Straight and narrow serious vs. edgy fun

Most journalism teachers I know, present company included, teach a pretty straight and narrow serious approach to newswriting. And appropriately so.

There is a lot to learn in mastering the inverted pyramid, consistency of style, accuracy and objectivity. But to survive in tomorrow's news world and to appeal to younger audiences, I think we have to start paying attention to the edgy presentation of news. Note the success of the Daily Report with Jon Stewart and how many young people consider that to be more appealing "journalism." Shoot, when CBS was looking for a replacement for Dan Rather Stewart's name kept cropping up in the speculation. And the White House Correspondents Dinner roasting of George Bush by Stephen Colbert keeps cropping up still months later on Editor & Publisher's Most Popular Stories RSS feed.

And when I look at the work of one of my best designer students, Benedict Orbase, I realize that part of his appeal comes from a willingness to take an edgy look at serious news. It works. And I think as we look more and more at the role of online journalism we have to look at ways to separate ourselves from the vanilla world of online newspaper sites. Shoot, we probably need to do the same with the print edition.

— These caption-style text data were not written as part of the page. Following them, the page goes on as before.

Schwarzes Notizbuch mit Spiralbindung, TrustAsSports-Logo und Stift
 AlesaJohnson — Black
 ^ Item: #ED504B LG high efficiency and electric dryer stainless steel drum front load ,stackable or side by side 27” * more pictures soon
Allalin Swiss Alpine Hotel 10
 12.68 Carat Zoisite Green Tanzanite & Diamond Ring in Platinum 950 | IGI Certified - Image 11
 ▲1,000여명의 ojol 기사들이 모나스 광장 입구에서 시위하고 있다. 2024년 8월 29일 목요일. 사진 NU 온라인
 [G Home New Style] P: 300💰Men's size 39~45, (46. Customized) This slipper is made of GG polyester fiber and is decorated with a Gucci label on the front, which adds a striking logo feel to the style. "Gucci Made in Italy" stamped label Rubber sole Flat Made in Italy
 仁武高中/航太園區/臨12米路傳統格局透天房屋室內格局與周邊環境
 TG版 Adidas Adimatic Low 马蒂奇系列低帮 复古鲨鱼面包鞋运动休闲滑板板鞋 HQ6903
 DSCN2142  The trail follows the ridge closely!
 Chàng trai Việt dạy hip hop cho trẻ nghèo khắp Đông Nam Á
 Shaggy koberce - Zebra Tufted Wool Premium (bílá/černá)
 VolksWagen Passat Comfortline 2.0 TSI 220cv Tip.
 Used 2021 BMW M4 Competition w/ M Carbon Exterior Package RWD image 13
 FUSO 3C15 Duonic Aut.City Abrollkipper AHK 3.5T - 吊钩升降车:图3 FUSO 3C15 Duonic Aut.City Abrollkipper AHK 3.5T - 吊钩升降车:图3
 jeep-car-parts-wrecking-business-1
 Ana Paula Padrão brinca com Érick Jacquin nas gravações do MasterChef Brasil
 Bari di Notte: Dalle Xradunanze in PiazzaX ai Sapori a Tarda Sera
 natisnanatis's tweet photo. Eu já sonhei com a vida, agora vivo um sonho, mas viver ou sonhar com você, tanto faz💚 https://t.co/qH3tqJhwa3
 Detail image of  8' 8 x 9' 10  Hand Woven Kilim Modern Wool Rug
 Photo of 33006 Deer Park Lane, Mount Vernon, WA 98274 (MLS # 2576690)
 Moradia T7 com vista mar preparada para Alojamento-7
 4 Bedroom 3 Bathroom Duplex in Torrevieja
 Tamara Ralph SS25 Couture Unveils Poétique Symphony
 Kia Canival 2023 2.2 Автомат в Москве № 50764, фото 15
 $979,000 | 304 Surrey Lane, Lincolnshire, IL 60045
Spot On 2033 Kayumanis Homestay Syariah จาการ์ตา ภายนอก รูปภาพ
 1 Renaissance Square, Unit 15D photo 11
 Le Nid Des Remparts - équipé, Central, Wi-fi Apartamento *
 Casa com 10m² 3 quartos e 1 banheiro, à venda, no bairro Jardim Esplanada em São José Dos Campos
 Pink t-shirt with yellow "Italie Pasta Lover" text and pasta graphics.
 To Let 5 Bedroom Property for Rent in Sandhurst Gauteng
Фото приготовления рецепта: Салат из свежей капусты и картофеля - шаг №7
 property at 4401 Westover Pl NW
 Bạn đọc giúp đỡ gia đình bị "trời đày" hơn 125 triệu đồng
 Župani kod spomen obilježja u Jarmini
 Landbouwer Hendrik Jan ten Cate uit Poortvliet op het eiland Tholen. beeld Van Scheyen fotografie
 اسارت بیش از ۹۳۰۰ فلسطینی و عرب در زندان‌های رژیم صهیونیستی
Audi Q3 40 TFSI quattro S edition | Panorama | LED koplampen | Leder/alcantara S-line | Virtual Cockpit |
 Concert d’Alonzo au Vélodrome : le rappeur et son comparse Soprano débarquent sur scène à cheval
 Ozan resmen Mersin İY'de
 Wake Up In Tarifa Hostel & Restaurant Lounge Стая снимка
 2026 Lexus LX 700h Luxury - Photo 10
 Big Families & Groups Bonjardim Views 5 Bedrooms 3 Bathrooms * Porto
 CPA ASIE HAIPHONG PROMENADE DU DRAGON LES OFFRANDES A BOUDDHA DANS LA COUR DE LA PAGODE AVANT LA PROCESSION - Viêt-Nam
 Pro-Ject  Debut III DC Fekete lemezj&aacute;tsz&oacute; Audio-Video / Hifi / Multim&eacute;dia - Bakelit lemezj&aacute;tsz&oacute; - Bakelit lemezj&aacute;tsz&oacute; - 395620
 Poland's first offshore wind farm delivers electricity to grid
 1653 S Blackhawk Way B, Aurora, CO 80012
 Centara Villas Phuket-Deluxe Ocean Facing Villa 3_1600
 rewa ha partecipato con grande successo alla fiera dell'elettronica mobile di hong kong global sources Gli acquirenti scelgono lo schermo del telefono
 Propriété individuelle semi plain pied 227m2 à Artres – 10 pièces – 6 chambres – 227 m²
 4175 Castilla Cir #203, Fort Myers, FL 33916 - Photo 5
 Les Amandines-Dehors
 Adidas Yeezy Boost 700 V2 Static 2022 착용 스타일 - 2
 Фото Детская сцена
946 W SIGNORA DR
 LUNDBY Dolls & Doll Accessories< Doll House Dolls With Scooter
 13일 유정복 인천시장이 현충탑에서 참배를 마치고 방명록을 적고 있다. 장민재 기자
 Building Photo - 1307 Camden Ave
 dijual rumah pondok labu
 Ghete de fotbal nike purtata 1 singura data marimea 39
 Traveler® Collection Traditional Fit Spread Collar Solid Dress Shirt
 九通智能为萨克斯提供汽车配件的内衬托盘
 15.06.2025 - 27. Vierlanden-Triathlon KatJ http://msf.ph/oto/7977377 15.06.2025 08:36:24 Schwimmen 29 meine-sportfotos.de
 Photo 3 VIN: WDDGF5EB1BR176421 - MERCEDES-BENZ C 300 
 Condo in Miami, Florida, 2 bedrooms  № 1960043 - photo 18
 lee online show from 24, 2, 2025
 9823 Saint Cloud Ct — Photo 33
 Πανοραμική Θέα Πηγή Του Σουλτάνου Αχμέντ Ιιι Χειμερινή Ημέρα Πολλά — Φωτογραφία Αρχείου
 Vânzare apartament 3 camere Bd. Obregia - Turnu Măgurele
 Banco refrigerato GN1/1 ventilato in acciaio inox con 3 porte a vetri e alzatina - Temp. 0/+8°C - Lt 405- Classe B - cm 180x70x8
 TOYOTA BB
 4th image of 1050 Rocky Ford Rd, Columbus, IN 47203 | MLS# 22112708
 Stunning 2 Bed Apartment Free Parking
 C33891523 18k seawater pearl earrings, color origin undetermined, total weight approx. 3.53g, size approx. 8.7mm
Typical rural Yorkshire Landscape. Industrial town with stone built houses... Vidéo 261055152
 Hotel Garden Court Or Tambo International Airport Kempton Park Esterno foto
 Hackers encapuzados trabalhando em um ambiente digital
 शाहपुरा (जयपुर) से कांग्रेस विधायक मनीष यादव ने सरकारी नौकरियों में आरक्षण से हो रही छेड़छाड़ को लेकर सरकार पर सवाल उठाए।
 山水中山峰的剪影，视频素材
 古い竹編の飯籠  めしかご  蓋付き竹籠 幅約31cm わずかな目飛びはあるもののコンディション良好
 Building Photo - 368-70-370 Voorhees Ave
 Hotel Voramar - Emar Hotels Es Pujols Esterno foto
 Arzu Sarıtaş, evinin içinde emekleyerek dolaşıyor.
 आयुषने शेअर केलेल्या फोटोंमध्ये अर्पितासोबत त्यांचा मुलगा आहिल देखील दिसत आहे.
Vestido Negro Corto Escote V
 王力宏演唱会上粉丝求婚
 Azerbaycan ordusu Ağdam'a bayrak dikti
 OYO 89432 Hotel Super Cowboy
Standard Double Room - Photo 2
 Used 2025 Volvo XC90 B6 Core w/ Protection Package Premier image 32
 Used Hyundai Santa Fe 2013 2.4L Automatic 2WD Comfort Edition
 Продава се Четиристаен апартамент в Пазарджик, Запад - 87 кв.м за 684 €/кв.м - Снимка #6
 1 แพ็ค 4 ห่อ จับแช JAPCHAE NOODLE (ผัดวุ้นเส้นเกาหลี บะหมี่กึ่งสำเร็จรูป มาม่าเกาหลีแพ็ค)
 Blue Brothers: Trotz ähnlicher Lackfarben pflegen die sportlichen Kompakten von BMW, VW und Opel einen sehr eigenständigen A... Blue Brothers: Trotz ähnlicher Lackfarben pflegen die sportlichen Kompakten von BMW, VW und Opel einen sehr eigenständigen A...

I'm fast becoming a fan of zefrank's "The Show" and Rocketboom, who like Stewart take a more fun, edgy look at news presentation (if you can call Frank's work journalism, which I think you sometimes can; why he hasn't been signed by the Daily Show yet is a mystery to me).

But news is serious and we need to maintain a balance. For the short run, at least, the student who leaves my program without understanding how and when to write the straight and narrow serious news story is going to have a hard time finding a traditional job in the media.

Sure would like to hear from some of my fellow journalism teachers on this one.